John P. McCrae, Ewa Rudnicka And Francis Bond
Wordnets have become one of the most popular dictionaries for use in natural language processing (NLP) and other areas of language technologies. This is primarily due to their structure as a graph of words, that is much easier for computers to understand than the traditional form of a dictionary. The first wordnet was introduced by Arthur Miller (Miller 1995) and later extended by Christiane Fellbaum (Fellbaum 1998) at Princeton University before finally being released in its definitive form as Princeton WordNet 3.0 in 2006. However, since then there has only been a single maintenance release of the resource (3.1) in 2011, that actually reduced the number of words it covered. Meanwhile, interest and use of wordnets have grown with many projects around the world creating new wordnets for languages other than English as well as projects adding extensions to Princeton WordNet such as extending it with sentiment information (Esuli and Sebastiani 2006), encyclopedic information (Navigli and Ponzetto 2012) and pronouns and exclamatives (Da Costa and Bond 2016), and providing domain-specific terminology (McCrae, Wood, and Hicks 2017). Furthermore, it is clear that the English language has changed in the last 14 years and Princeton WordNet does not cover recent neologisms and other language usage changes, which are important for many of the social media analytics tasks that we wish to apply wordnets to. Moreover, perhaps one of the biggest criticisms of Princeton WordNet has been that it contains many errors (McCrae and Prangnawarat 2016) and has, at times, overly fine or coarse sense distinctions (Hovy et al. 2006).

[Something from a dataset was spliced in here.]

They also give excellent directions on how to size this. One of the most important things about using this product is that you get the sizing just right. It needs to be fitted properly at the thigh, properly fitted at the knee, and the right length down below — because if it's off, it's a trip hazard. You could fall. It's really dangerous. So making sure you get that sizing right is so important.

Given the lack of change in Princeton WordNet, in spite of the abundant criticisms, we decided to make a ‘fork’ of the Princeton WordNet, to create a new open-source project called English WordNet (EWN). This project aims to produce the highest quality and most complete wordnet for English and to do so in an open manner. This is implemented by means of a GitHub repository with a collection of XML files that are clear and can easily be edited by anyone. The project accepts suggestions from any parties and so far has been very active with over 650 commits over 500 issues over the course of two years. This has lead to over 18,500 individual improvements over the Princeton WordNet, producing a resource that is clearly of much better quality and more comprehensive than the previous releases that have been available to date.
In this article, we provide a brief description of the idea of wordnets and how they are frequently used in natural language processing for readers who may not be familiar with this form of dictionary. Then, we describe the development methodology we have for this dictionary and how we have built and adapted to the growing community of English WordNet users. We then describe the resource of English WordNet and the changes over Princeton WordNet in its two releases so far. Finally, we detail our future plans for this wordnet and make some concluding remarks.

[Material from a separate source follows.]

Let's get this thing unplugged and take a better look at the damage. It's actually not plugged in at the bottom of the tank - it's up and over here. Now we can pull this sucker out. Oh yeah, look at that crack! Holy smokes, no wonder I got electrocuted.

Wordnets are a form of dictionary that aim to make information more easily processable for computers. The primary unit of a wordnet is a set of synonyms or a synset, consisting of a list of words that in some context can be substituted for each other. These synsets then form the nodes of a graph, which is connected by edges, consisting of relations such as hypernym, indicating a broader/narrower relation, antonym, indicating opposition, and meronym, indicating a part/whole relation. A word may be part of multiple synsets and as such, we refer to the word within a given synset as a sense of the word. An example of such a graph is shown in Figure 1.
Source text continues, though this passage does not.